Data extracts ▸

((

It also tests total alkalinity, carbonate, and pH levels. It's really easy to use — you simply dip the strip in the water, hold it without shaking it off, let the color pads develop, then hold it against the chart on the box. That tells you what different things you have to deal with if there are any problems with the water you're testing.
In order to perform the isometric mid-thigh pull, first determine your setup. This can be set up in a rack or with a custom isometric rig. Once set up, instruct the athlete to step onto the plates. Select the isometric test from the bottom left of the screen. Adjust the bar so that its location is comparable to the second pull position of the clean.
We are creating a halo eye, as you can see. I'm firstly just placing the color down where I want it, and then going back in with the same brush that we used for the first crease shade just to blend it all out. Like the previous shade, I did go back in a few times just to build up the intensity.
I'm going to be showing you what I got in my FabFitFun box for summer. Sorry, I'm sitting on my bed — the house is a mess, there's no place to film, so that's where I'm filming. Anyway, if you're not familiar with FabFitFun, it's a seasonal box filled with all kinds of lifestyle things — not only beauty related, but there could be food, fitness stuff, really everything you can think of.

))
((

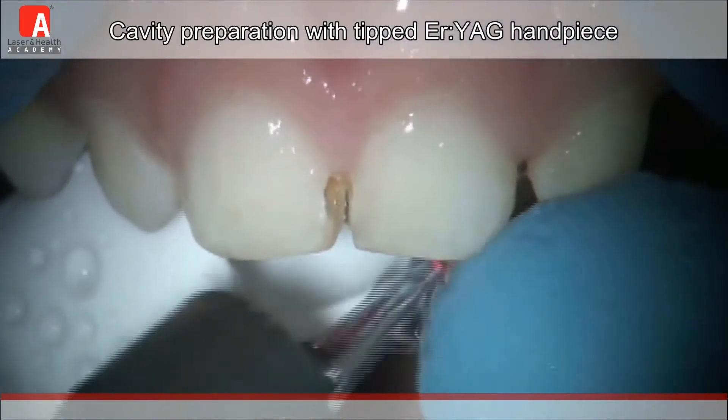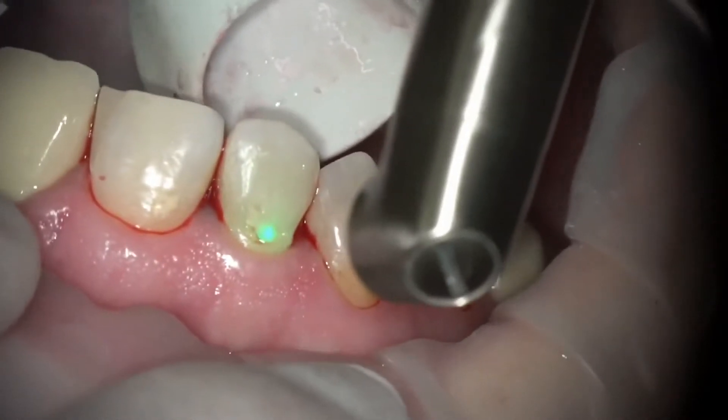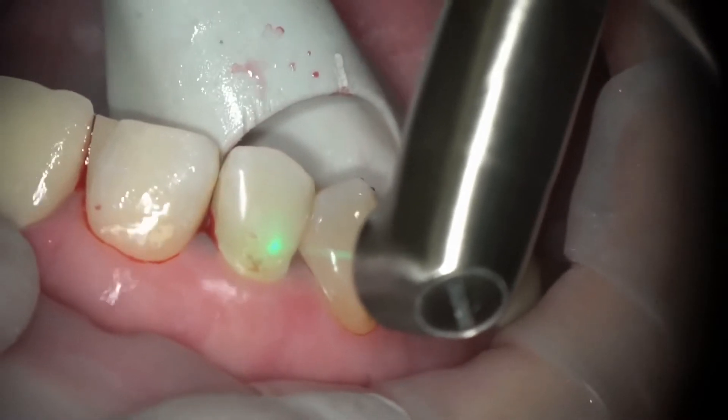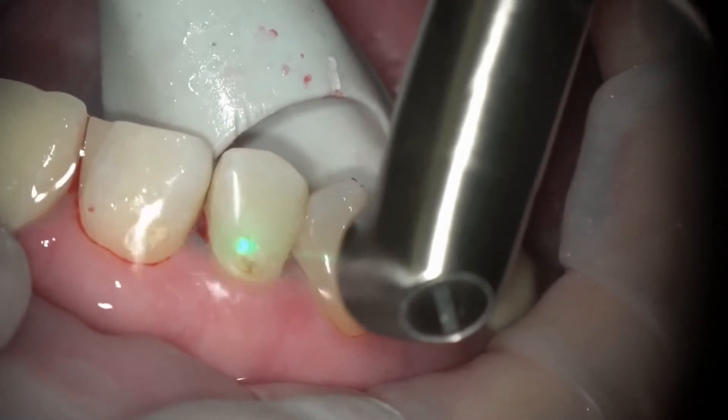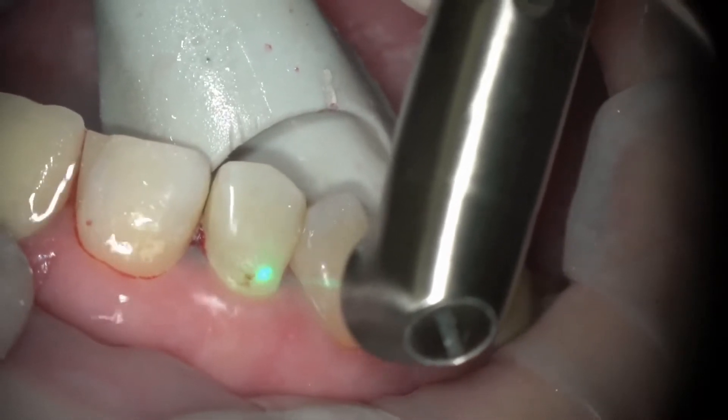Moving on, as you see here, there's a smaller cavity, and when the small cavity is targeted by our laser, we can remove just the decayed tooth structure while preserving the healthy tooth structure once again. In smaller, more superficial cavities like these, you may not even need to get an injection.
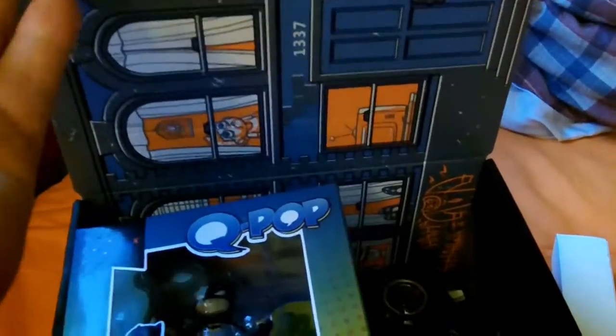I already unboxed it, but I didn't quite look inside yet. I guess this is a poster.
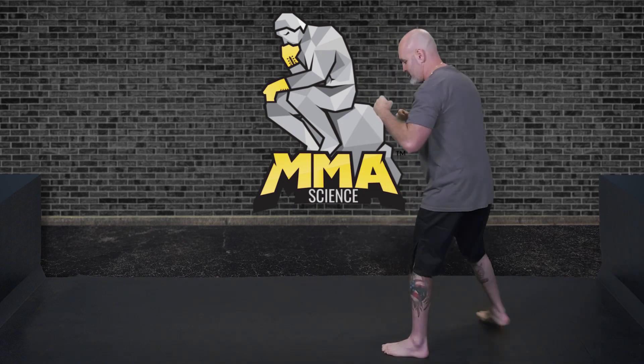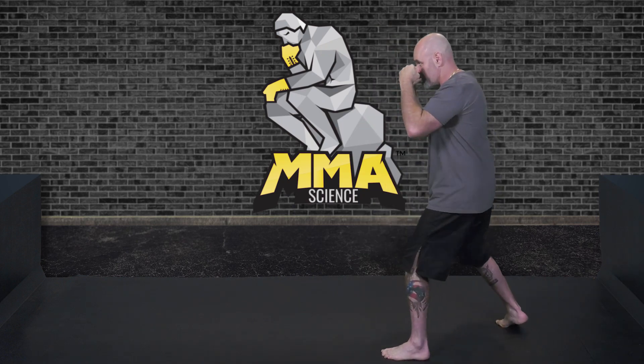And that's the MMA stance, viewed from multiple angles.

))

Give again, exactly as written above, each line from the one that has "I already unboxed" to the one that has "And that's the", both included; omit the pictures.

I already unboxed it, but I didn't quite look inside yet. I guess this is a poster.
And that's the MMA stance, viewed from multiple angles.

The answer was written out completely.